__What is required__. Exclude all pictures, and reproduce exactly the lines from the one containing "The Forest Orchestra" through the end of the records, with nothing else added.

__Records excerpted from a collection__.
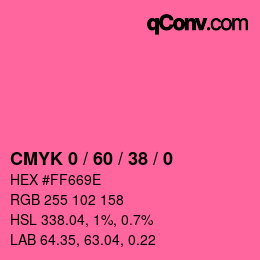 カラーコード: CMYK 0 / 60 / 38 / 0 | qconv.com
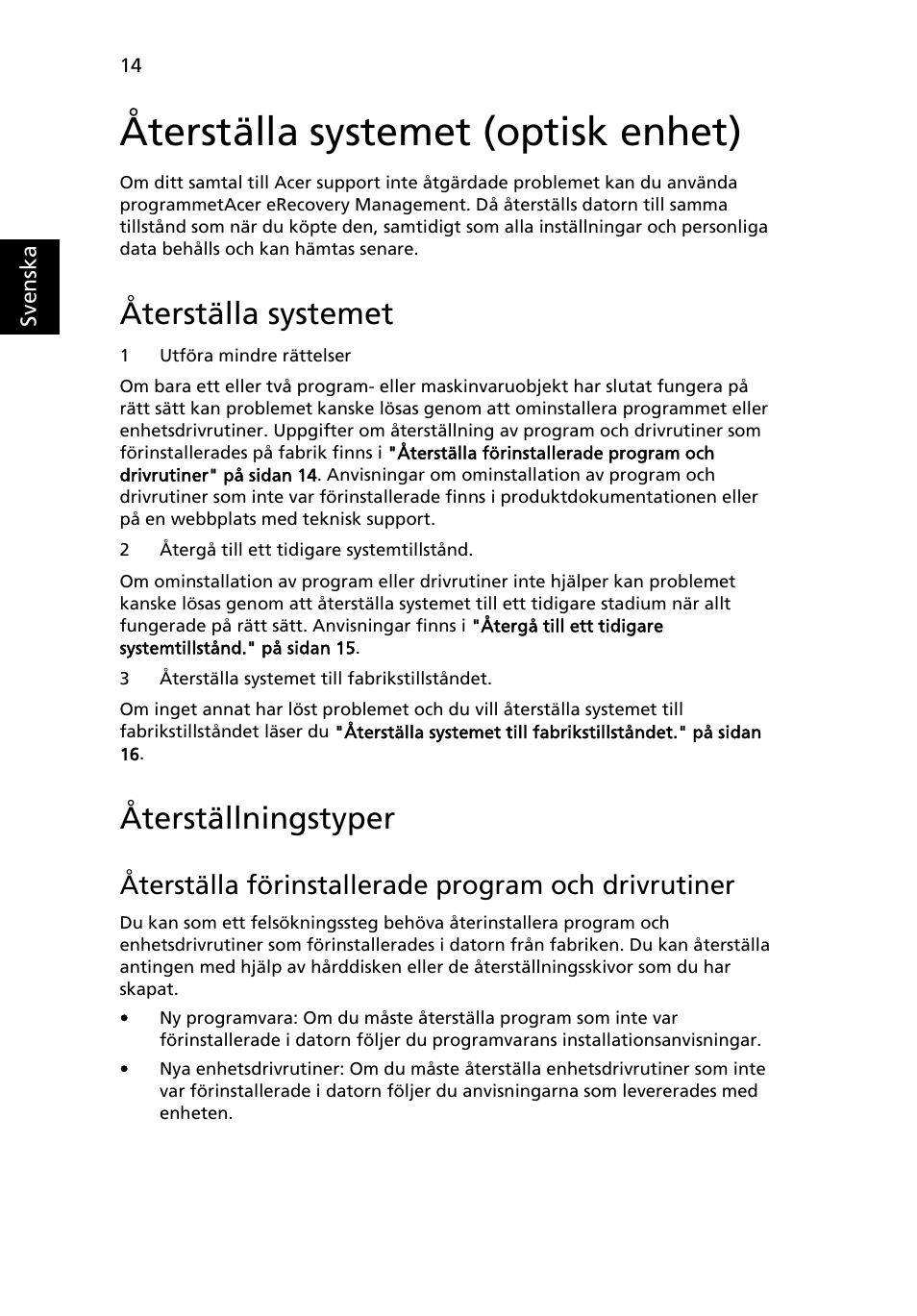 Återställa systemet (optisk enhet), Återställa systemet, Återställningstyper | Återställa förinstallerade program och drivrutiner | Acer Aspire 4253 User Manual | Page 722 / 2348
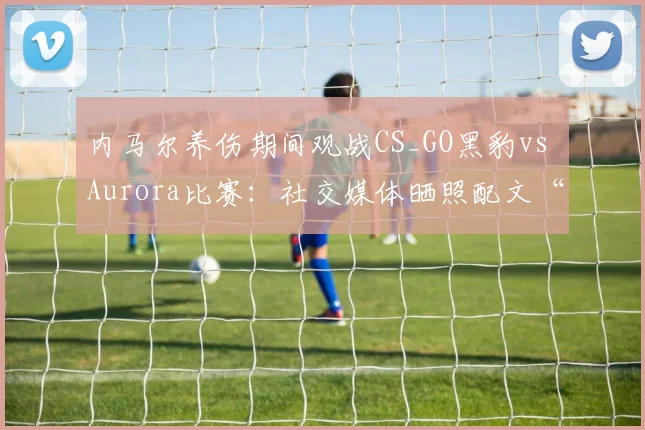 内马尔养伤期间观战CS_GO黑豹vs Aurora比赛：社交媒体晒照配文“Bora”引发球迷关注与讨论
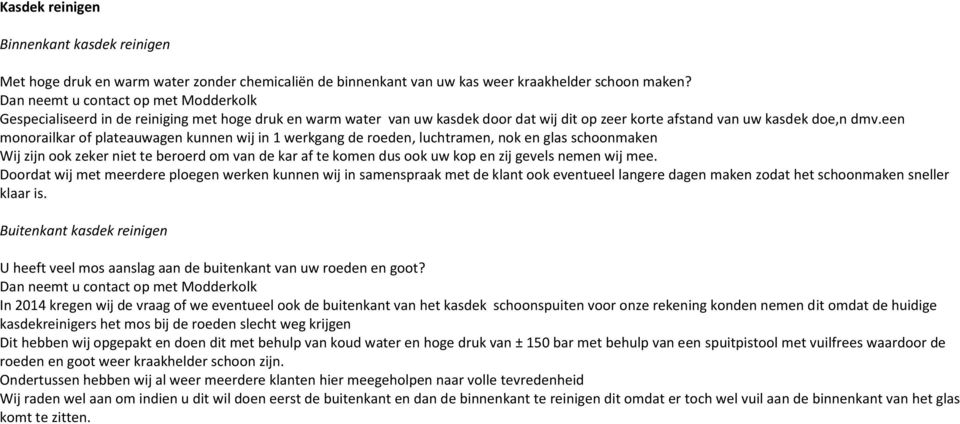 een monorailkar of plateauwagen kunnen wij in 1 werkgang de roeden, luchtramen, nok en glas schoonmaken Wij zijn ook zeker niet te beroerd om van de kar af te komen dus ook uw kop en zij gevels nemen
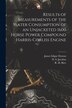 Results of Measurements of the Water Consumption of an Unjacketed 1600 Horse Power Compound Harris-Corliss Engine [microform] | Indigo Chapters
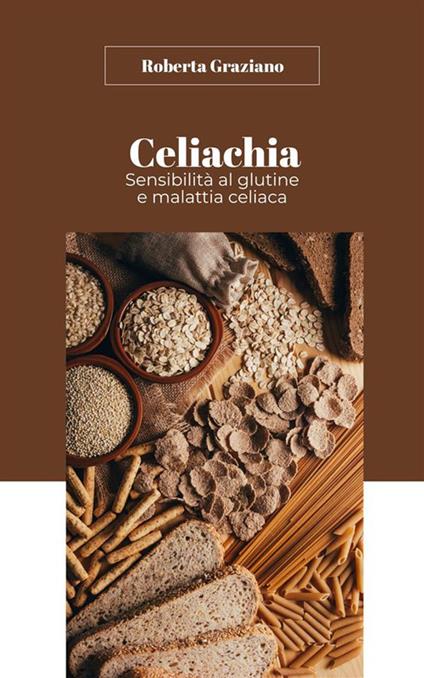 Celiachia. Sensibilità al glutine e malattia celiaca - Roberta Graziano - ebook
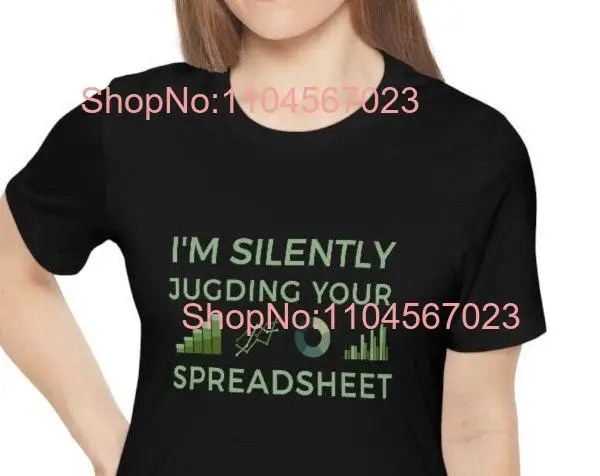 I'm Silently Judging Your Spreadsheet Funny T shirt Excel Expert Lover Accountant ConsultanT long or short sleeves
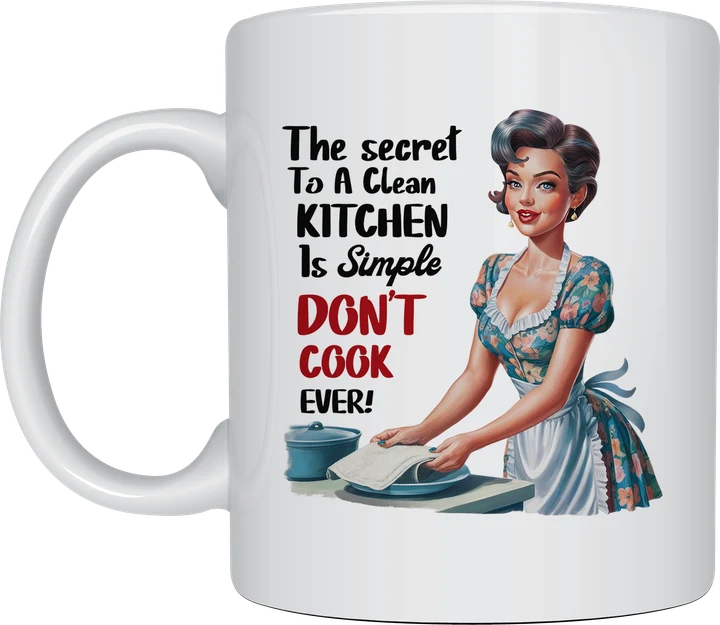 Retro housewife mug - vintage pinup housewife washing dishes with the text The Secret To A Clean Kitchen Is Simple, Don't Cook Ever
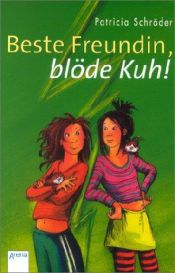 book cover of Beste Freundin, blöde Kuh! by Patricia Schröder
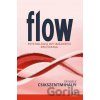 Flow - Mihaly Csikszentmihalyi Flow - Mihaly Csikszentmihalyi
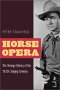 Horse Opera: Strange History of the 1930s Singing Cowboy 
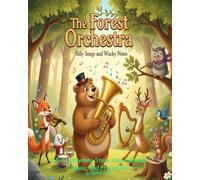 The Forest Orchestra - Silly Songs and Wacky Notes: A Funny Rhyming Story About Animals, Music, and Friendship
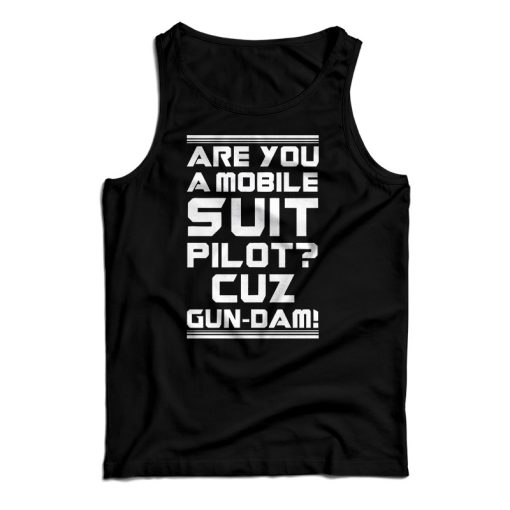 Are You A Mobile Suit Pilot Cuz Gun-Dam Tank Top For UNISEX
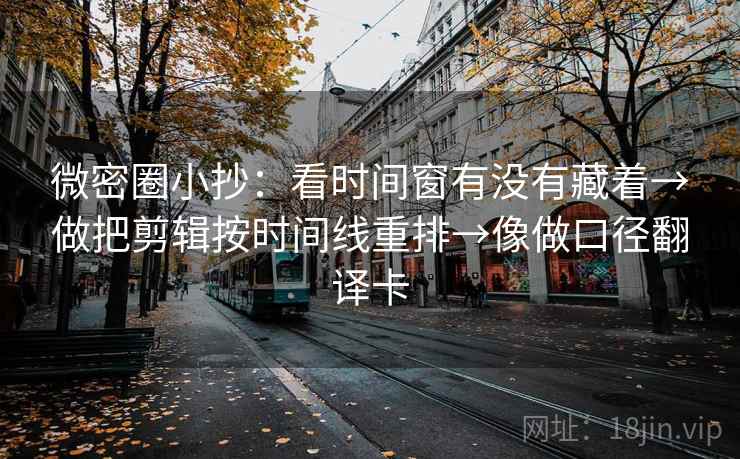 微密圈小抄：看时间窗有没有藏着→做把剪辑按时间线重排→像做口径翻译卡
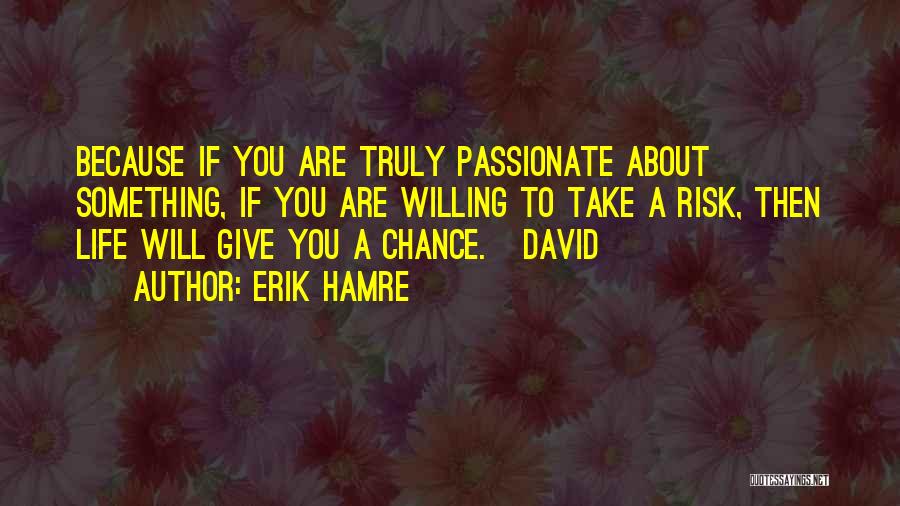 If You Are Passionate About Something Quotes By Erik Hamre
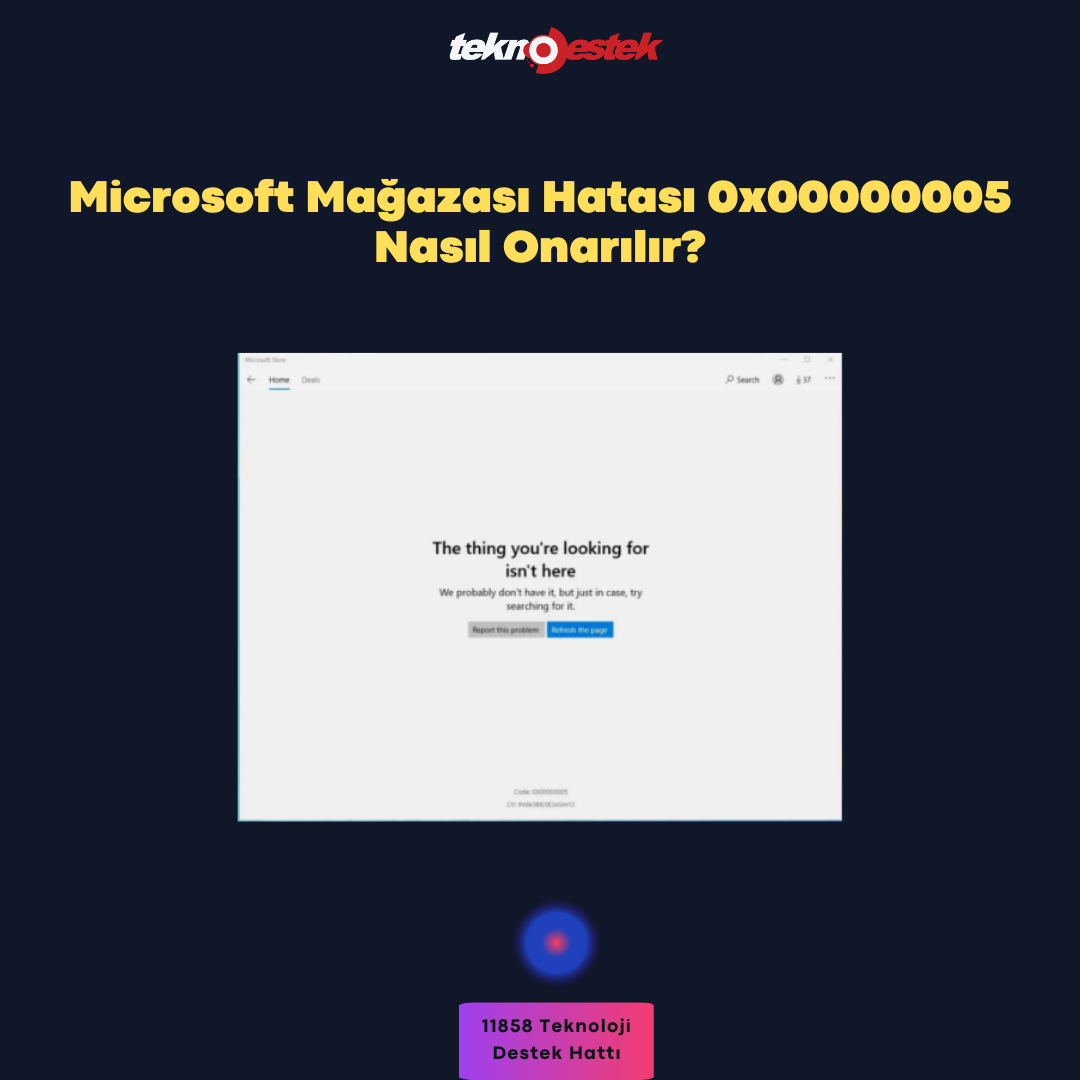 Microsoft Mağazası Hatası 0x00000005 kodu çözümleri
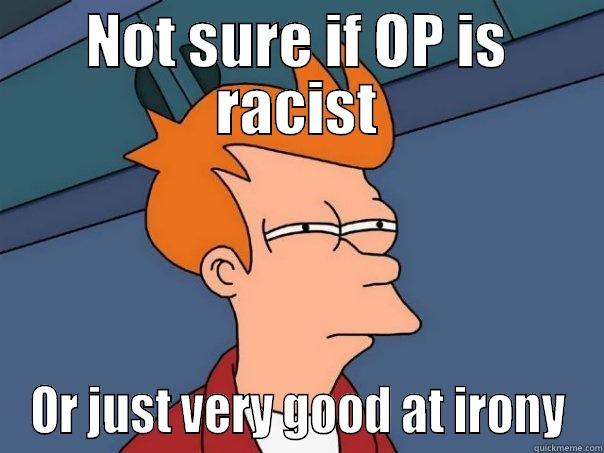 NOT SURE IF OP IS RACIST OR JUST VERY GOOD AT IRONY Futurama Fry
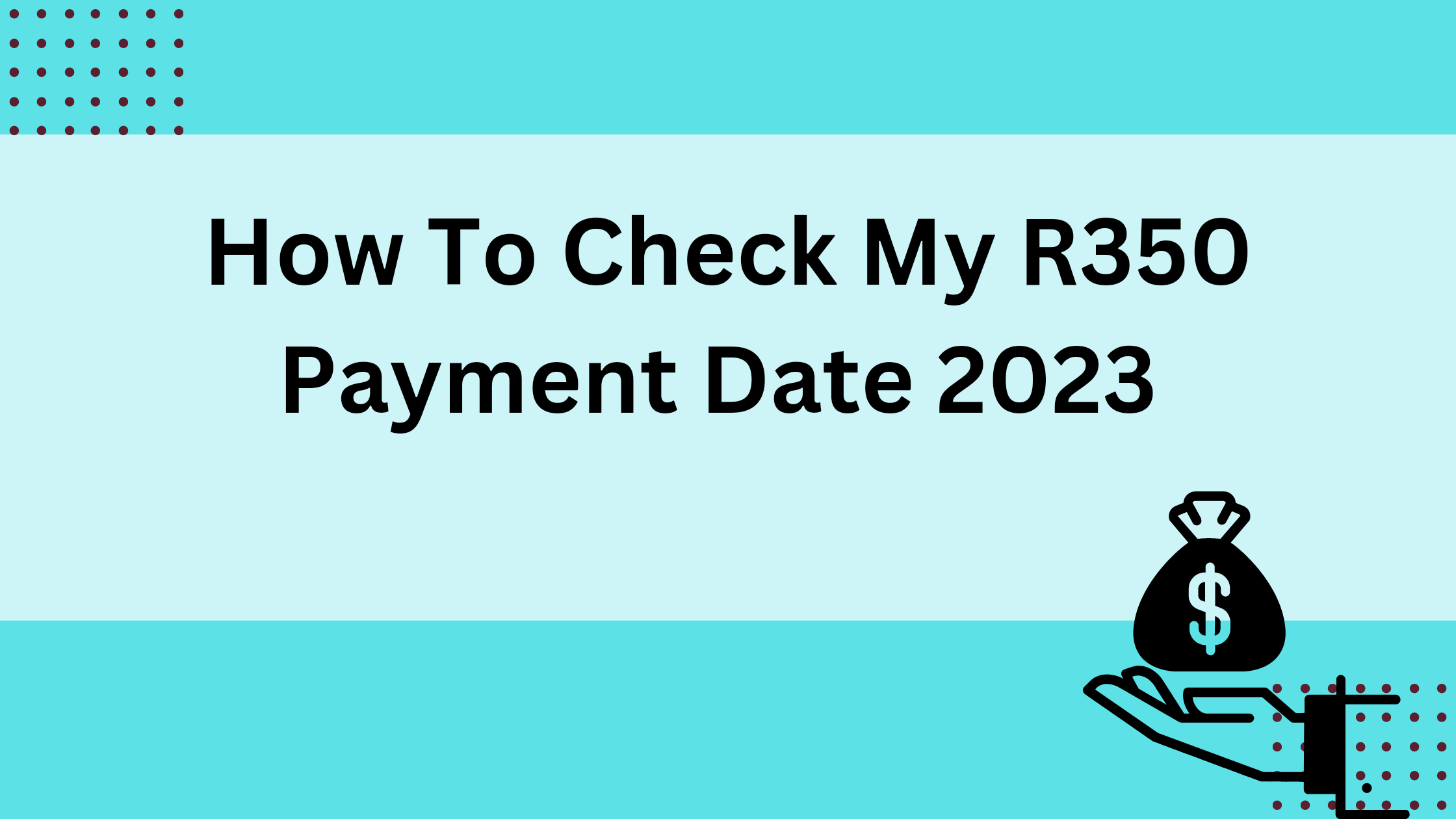 How To Check My R350 Payment Date 2023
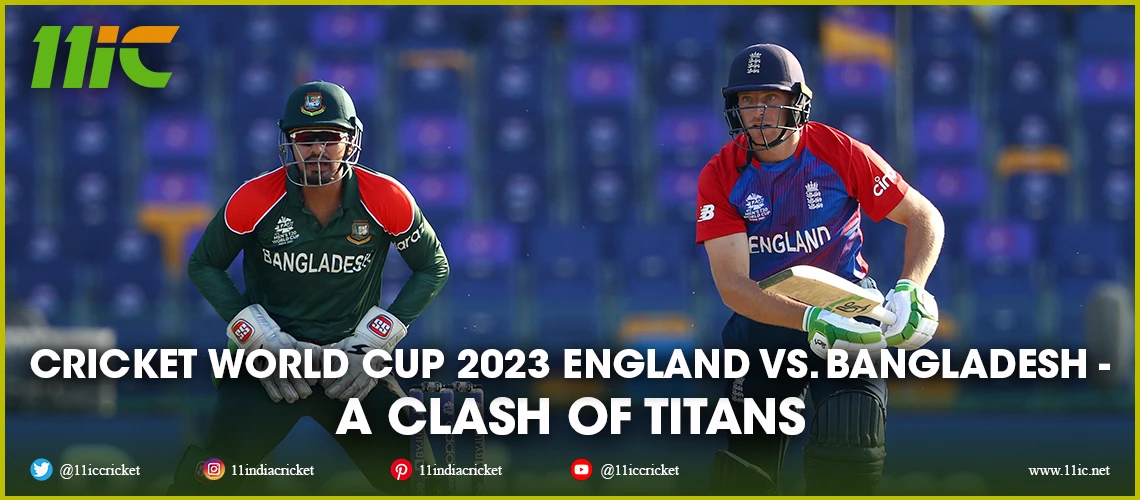 Cricket World Cup 2023 England Vs Bangladesh A Clash Of Titans 7919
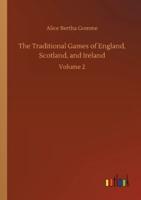 The Traditional Games of England, Scotland, and Ireland:Volume 2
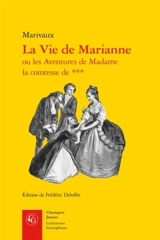 La vie de Marianne ou Les aventures de madame la comtesse de *** - Pierre de Marivaux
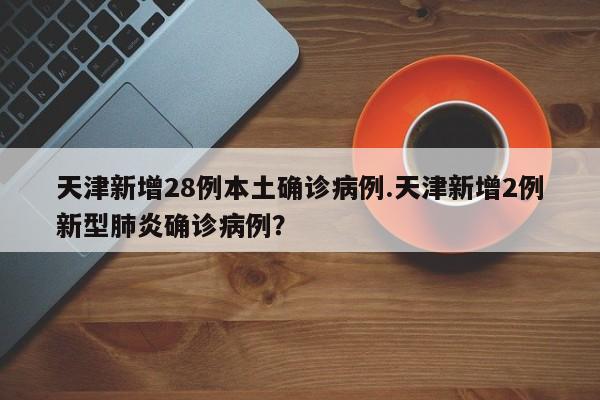 天津新增28例本土确诊病例.天津新增2例新型肺炎确诊病例?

__Your response__.
 The Forest Orchestra - Silly Songs and Wacky Notes: A Funny Rhyming Story About Animals, Music, and Friendship
 Are You A Mobile Suit Pilot Cuz Gun-Dam Tank Top For UNISEX
 微密圈小抄：看时间窗有没有藏着→做把剪辑按时间线重排→像做口径翻译卡
 If You Are Passionate About Something Quotes By Erik Hamre
 Microsoft Mağazası Hatası 0x00000005 kodu çözümleri
 NOT SURE IF OP IS RACIST OR JUST VERY GOOD AT IRONY Futurama Fry
 How To Check My R350 Payment Date 2023
 Cricket World Cup 2023 England Vs Bangladesh A Clash Of Titans 7919
 The Traditional Games of England, Scotland, and Ireland:Volume 2
 La vie de Marianne ou Les aventures de madame la comtesse de *** - Pierre de Marivaux
 天津新增28例本土确诊病例.天津新增2例新型肺炎确诊病例?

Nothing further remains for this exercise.